All involved hope it’s the beginning of what eventually leads the Jr. Kings to icing girls tier teams with regularity and, further down the road, competing against the nation’s best.
“It takes a club commitment first, and then a group of people – coaches, managers and parents – to promote it and grow a pool of young girls and develop them co-ed first until we have enough to separate them from the boys,” said James Gasseau, the Jr. Kings’ director of coaches.
The 8U girls have wasted little time exercising their competitive spirit. With only one practice under its belt, the squad forged a third-place finish in the seven-team Mite Track II division at this year’s Jr. Kings-hosted Labor Day Festival, which was played earlier this month at El Segundo’s Toyota Sports Center (TSC).
Members of the team include Lincoln Brown, Keirstyn Camiolo, Jaqueline Gasseau, Soleil Jamani, Emma Lin, Reese Negus, Destiny Reed, Savanna Stamp, Morgan Stickney, Caolin Thomason, Sydney Toumajian, Mackenzie Williams and Lily Winckler.
Megan Rivera serves as the team’s head coach, and Becki Winckler is the manager.
Rivera, who played her NCAA Division I hockey at Boston College, sees plenty of potential for a girls club to prosper in and around L.A.
“I think the most exciting part is that all of these families know they’re the trailblazers, so they’re all really committed to seeing this grow,” said Rivera. “They have a clear vision of the goal.”
“This is a great opportunity,” said Becki Winckler, noting that the Jr. Kings have also added a 10U girls team. “I’m so proud of these girls and I’m excited to watch them develop their skills over the next few years as this program grows.”

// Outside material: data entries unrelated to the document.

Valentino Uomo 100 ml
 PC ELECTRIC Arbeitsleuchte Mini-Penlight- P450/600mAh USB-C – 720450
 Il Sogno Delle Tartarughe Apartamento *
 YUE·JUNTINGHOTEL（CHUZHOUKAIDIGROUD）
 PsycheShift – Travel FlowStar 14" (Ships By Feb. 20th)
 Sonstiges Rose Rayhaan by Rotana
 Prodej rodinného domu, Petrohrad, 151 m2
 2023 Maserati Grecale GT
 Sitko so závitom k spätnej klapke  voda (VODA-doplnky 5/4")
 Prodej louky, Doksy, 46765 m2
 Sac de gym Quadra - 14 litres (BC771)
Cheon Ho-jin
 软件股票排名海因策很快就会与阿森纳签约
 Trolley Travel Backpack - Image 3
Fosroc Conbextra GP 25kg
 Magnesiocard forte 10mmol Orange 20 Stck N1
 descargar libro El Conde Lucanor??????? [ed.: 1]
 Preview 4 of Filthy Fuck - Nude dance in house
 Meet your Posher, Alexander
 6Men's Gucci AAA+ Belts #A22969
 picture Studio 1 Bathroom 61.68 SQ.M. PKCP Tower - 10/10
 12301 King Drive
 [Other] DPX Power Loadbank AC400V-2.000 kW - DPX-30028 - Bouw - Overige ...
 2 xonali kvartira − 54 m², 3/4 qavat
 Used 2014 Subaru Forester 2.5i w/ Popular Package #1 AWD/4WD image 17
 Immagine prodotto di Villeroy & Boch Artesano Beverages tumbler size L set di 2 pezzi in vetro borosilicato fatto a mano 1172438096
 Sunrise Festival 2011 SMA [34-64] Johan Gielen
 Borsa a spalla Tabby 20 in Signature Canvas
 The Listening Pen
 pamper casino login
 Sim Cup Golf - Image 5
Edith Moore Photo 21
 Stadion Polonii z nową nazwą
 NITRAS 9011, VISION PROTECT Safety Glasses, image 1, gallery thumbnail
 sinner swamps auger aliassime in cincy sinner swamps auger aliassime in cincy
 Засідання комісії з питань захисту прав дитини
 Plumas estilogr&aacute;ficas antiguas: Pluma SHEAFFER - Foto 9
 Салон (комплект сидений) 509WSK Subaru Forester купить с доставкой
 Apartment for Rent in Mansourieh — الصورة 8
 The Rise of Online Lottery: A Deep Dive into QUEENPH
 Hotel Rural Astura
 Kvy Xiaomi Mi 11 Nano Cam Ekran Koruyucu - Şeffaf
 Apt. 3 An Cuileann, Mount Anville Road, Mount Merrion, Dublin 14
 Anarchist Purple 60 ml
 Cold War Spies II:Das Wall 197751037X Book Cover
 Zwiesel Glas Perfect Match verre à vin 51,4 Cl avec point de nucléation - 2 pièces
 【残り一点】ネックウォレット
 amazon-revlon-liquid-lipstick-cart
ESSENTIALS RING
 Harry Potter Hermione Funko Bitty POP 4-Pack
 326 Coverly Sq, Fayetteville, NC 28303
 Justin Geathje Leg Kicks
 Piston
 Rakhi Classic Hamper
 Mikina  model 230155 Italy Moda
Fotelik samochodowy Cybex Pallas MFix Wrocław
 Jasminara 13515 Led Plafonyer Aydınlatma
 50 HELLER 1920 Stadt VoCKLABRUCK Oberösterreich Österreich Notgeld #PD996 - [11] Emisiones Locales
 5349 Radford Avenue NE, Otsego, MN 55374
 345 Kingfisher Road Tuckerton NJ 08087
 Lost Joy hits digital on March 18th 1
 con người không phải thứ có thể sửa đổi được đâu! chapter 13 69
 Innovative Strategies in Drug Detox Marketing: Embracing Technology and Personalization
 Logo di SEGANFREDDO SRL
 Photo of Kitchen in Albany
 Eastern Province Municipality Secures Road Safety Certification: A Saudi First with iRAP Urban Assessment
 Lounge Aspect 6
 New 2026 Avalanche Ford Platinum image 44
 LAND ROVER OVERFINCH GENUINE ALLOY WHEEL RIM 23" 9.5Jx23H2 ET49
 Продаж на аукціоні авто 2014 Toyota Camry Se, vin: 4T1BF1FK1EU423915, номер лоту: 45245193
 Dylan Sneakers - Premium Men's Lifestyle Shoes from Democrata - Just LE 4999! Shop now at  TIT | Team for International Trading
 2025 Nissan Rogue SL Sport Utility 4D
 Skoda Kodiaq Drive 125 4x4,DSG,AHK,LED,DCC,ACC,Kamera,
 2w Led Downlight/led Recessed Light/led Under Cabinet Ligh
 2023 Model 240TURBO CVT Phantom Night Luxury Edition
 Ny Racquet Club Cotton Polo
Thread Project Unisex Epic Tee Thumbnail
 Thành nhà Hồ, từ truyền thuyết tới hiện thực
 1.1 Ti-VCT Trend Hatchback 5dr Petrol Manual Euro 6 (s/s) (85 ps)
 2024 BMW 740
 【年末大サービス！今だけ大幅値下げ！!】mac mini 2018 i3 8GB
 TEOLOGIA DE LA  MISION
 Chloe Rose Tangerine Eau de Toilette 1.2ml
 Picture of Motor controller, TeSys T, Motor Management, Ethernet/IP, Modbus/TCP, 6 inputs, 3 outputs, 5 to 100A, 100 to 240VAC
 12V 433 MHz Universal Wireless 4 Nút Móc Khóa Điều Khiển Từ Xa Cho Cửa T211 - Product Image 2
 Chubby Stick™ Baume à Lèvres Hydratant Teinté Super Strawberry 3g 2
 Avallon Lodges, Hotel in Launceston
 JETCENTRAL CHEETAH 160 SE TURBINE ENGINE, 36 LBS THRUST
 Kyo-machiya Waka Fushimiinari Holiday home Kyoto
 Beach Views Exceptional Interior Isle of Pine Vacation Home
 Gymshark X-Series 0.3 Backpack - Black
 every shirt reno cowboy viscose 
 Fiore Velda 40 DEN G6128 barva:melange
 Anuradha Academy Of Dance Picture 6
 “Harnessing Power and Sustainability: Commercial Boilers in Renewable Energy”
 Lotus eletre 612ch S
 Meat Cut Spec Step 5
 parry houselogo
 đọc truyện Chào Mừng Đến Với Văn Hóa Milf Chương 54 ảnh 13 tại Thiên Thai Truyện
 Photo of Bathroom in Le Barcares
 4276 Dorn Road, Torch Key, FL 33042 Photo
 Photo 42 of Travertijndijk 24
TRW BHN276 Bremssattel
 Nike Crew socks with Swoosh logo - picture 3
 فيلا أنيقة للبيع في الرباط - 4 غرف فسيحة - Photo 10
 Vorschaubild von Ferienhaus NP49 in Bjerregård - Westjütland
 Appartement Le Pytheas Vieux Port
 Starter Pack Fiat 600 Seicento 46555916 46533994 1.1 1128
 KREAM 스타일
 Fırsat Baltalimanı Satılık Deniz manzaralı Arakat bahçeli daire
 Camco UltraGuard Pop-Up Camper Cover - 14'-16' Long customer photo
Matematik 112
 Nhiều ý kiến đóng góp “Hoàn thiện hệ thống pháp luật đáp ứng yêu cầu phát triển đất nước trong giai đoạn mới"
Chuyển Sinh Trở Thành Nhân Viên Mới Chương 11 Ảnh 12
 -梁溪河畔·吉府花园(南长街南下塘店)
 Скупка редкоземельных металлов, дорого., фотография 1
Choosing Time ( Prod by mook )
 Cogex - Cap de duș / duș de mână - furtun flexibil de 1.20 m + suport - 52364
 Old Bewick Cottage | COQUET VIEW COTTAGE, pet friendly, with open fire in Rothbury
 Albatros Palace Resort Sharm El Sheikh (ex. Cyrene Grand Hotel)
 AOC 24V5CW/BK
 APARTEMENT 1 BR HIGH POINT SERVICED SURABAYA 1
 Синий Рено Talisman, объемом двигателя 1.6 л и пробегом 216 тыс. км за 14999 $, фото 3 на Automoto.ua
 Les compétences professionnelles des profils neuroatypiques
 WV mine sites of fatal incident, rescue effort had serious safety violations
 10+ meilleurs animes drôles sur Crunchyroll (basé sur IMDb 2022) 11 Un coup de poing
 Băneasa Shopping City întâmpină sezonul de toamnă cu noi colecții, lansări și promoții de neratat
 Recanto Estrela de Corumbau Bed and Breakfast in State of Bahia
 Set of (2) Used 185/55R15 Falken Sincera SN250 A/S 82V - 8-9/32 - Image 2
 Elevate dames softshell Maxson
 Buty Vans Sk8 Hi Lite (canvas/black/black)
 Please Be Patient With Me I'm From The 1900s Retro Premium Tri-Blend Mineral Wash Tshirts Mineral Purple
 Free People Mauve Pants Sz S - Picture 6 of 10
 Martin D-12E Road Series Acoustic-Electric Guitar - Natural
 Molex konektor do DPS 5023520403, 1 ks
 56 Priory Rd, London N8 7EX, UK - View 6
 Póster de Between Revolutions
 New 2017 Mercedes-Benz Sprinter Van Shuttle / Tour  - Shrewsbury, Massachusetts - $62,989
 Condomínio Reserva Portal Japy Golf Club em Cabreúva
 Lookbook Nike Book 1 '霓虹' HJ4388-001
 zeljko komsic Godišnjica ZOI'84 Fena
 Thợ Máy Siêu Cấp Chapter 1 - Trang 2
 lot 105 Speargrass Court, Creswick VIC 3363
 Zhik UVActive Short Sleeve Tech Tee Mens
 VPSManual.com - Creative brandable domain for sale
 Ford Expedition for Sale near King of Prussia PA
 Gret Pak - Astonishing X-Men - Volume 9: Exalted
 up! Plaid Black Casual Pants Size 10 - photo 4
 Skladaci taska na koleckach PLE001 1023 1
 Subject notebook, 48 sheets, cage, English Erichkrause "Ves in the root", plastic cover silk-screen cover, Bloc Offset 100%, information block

In addition to select tournaments, the 8U girls will engage in a variety of weekly development sessions, which are designed to not only improve their skills but also build camaraderie amongst the group.
“It’ll provide an opportunity to grow our pool, too, as we get new players involved,” said Gasseau. “It’s also important for the girls to bond and get to know each other; part of the experience is making new friends.”
The biggest hurdle in getting the program off the ground, Gasseau says, is growing that stable of players. He estimates there are around 30 girls playing in-house at TSC and club on Jr. Kings’ boys teams.
Promoting the initiative and growing that lot to upwards of 75 in the 6-10U age range is paramount.
“That’s where we need to be for this to really build momentum,” Gasseau said.
A handful of elite girls have come through the Jr. Kings program playing on boys teams, most notably Cayla Barnes. A junior defenseman at New Hampshire’s New Hampton School this year, the Boston College recruit is also regularly selected to participate in international competition by USA Hockey.
For now, though, slowly and steadily architecting a tried-and-true all-girls program is the Jr. Kings’ mission.
“It’ll take some time, but it’ll definitely enhance the growth of girls hockey in our area,” said Gasseau.